> _AVAILABLE DATA_
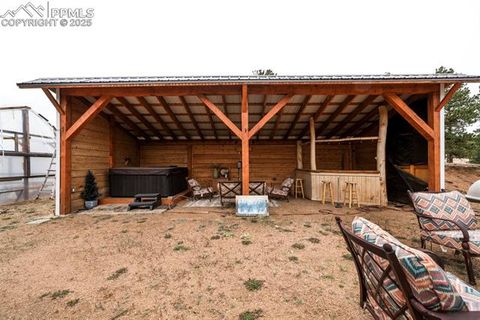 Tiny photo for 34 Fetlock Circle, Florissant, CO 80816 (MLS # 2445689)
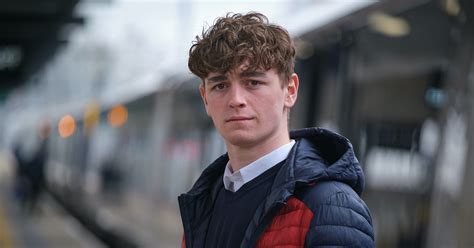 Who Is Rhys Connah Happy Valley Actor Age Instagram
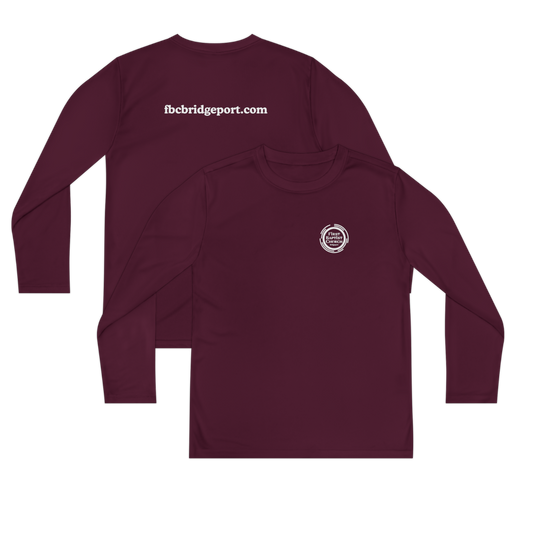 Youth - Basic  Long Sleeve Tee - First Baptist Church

--

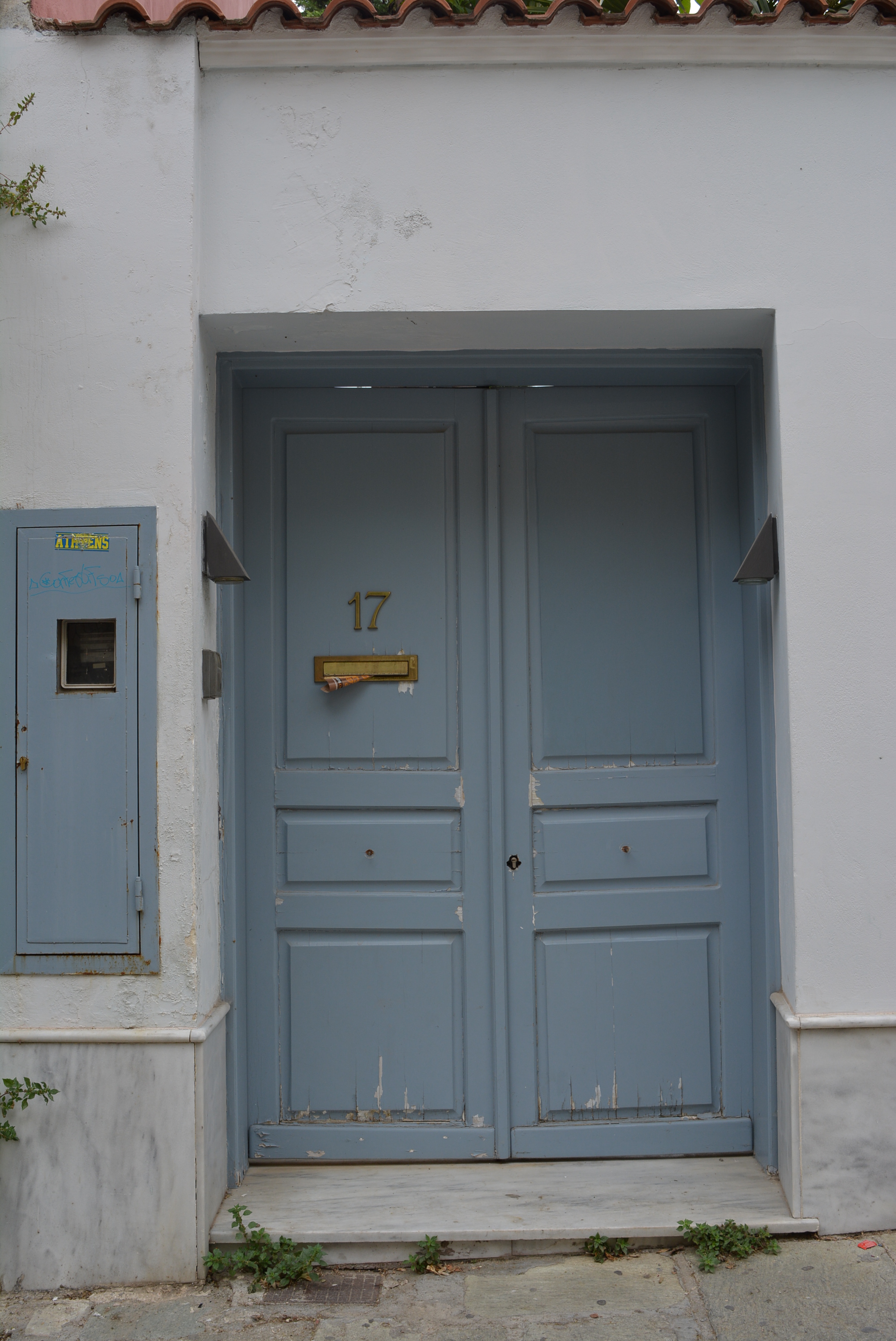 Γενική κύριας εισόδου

> _EXERCISE BRIEF_
Pictures do not belong in the answer. Return the lines above starting at the one with "Who Is Rhys" and ending at the one with "Youth - Basic", both kept, exactly.

> _EXERCISE RESPONSE_
 Who Is Rhys Connah Happy Valley Actor Age Instagram
 Youth - Basic  Long Sleeve Tee - First Baptist Church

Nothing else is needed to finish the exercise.